In the real world, a man’s kryptonite is being in love. Love is that one area in our lives in which we’re weak more than we’re strong. Many of our actions in relationships are born out of the need to impress or satisfy a woman. But we also carry the load of protecting the woman we gave our hearts to. We put a great deal of pressure on ourselves to maintain an impenetrable coat of armor. Although, behind that stoicism is the realness that no man can take the look of disappointment or hurt in a woman’s eyes.
Not if he has a soul.
Here’s the thing though – women seldom consider that emotional security is a 2 way street. Much of the intangibles that a man needs from his woman is going to go unsaid simply because not much is expected from women on that front. But trust me, men notice. We may not speak on it, but certain areas of unfulfillment can hurt. Here are just a few situations in which women can cause the man in their lives to retreat or create a disconnect.
Complaining when he’s showing honest effort
Some guys aren’t romantic types. So if a man remembers that you like lillies instead of roses, don’t complain because he only sent you 6 instead of a dozen. Maybe he’s not the best cook in the world. But if he took a day off from the gym to attempt a recipe you mentioned you wanted to try, at least let him know that it meant something to you for him to remember at all.
Not being a creep for him
Women have no qualms about openly lusting over guys like David Beckham, Idris Elba, and any other attractive celebrity. Hell, ya’ll even lust over guys on Instagram. But why is it so difficult to outwardly compliment your man? Not those superficial “babe you look nice today” or “my man is so handsome” comments either. You know how it turns you on for your man to look at you and licks his lips like you’re a piece of Popeye’s chicken? NEWS FLASH! We want and need to know that you find just as desirable.

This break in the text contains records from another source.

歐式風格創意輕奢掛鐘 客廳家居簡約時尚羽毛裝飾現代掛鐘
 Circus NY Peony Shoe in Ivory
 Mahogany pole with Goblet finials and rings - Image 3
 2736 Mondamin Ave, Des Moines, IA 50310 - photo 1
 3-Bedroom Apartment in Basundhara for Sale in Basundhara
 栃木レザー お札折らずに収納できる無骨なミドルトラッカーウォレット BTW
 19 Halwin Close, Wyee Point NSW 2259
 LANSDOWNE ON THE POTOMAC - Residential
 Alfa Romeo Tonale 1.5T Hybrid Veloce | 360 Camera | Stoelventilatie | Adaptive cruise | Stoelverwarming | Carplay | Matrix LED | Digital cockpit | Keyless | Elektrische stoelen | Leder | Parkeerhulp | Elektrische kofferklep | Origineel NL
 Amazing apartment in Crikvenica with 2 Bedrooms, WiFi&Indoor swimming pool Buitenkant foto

Reminding him of what he’s not
So you used to date D1 prospects. That guy that’s supposedly like your brother
that you had relations with at some point is a successful engineer. I don’t think women ever do this intentionally, but they often tell stories about their exes highlighting the positives about them that obviously don’t fit their current boyfriend. That’s not to say that she feels like she downgraded or wants her man to feel inadequate. However, if your man is still in the process of progressing, it doesn’t help his ego to know he’s not where he should be based on past men in your life.
Not letting him express himself on his terms
Men aren’t talkers. In relationships, we particularly try to avoid confrontation because we prefer peace and quiet. But when we’re passionate about something, we can go on for hours. Disagreements and arguments are a part of romantic relationships. Because women spend so much time outside of the house being silenced and demeaned, they can come across unnecessarily combative with their man. When things are calm, a man’s silence is read as he’s up to something or being apathetic. As a woman, you can’t force meaningful conversation out of your man.
The success of your relationship is largely dependent on knowing your man’s love language. I’ve mentioned the 5 Love Languages previously and how important it is to the foundation. The male ego is fragile. That doesn’t infer it needs to be stroked constantly. Protecting a man’s heart the way he does yours begins with you understanding that beyond that facade, he’s capable of being hurt by you.
Fellas, what other ways can be women be unintentionally hurtful in relationships? What’s the best way to discuss how she fix it?